My own collection steadily grew, but not with much rhyme or reason. Then a few years later I found myself stuck waiting for a delayed contract. I looked at some different ways of making money and ended up starting an online model shop as a trial run in online selling, to occupy my time and make a few bob. I'd been running it over a year, and was thinking of how to promote it some more. It seemed crazy not to at least check out my local wargames club for potential customers or helpers. It turned out to be a very small club. All the guys were around my age. In fact, I'd discovered running my shop that most historic wargamers are either in their 40s or older like me, and a lot of Warhammer players are in their 30s. I still haven't sold a thing to my wargaming buddies, but I ended up enjoying myself so much my renewed interest in Wargaming has outlived my online shop, which I discontinued over a year ago now.

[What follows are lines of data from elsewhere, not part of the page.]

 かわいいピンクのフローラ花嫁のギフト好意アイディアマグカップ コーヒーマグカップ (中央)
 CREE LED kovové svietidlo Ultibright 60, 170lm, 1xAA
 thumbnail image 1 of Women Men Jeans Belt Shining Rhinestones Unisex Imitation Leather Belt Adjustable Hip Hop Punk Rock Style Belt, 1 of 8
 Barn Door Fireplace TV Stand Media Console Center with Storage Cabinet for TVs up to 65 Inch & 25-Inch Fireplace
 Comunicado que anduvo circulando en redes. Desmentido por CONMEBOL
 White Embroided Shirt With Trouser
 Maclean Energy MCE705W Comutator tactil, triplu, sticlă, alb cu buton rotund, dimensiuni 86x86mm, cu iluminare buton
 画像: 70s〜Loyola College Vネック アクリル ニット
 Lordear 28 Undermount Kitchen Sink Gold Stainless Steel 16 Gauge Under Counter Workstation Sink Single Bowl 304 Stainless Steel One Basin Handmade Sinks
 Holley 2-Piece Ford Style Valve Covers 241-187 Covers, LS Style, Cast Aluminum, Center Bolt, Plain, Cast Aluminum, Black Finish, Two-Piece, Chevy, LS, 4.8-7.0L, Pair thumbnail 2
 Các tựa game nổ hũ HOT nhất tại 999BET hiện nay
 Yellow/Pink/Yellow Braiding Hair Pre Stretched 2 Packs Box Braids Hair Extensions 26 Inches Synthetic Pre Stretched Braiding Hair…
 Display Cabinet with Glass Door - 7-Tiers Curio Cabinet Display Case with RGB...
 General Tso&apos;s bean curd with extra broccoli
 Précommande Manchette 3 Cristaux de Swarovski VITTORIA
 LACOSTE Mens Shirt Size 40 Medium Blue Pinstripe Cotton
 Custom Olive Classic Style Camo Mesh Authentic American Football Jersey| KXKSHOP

Joining the club has made me realise that I need to be a lot more disciplined actually finishing projects, if my figures were ever to see it on to the tabletop. Up until that point, there was no need to actually get all the units in both forces painted, based, terrained and get all the scenary done. I did my degree in Ancient & Modern History and so I cannot resist dipping into just about every period. My collection is mainly 20mm plastics so the armies that I can field are more limited by the speed of my paint brush than the number of figures I can buy, but I have been tempted by some 28mm and even a few 15mm. But it is a bit frustrating having dozens of armies and periods 'nearly done' but only a couple of things actually finished. A guy at the club recommended a couple of blogging sites, and not only did I realise that they offered good practical advice but they were for some bloggers part of their discipline keeping their wargaming projects on track.
So I started this blog partly to show off what I am doing but mainly to help keep me focused on getting the paint brush out more and seeing a few things to completion. If it turns out to be of use to anyone else, that's great, but hopefully it will be a spur to get things off the production line.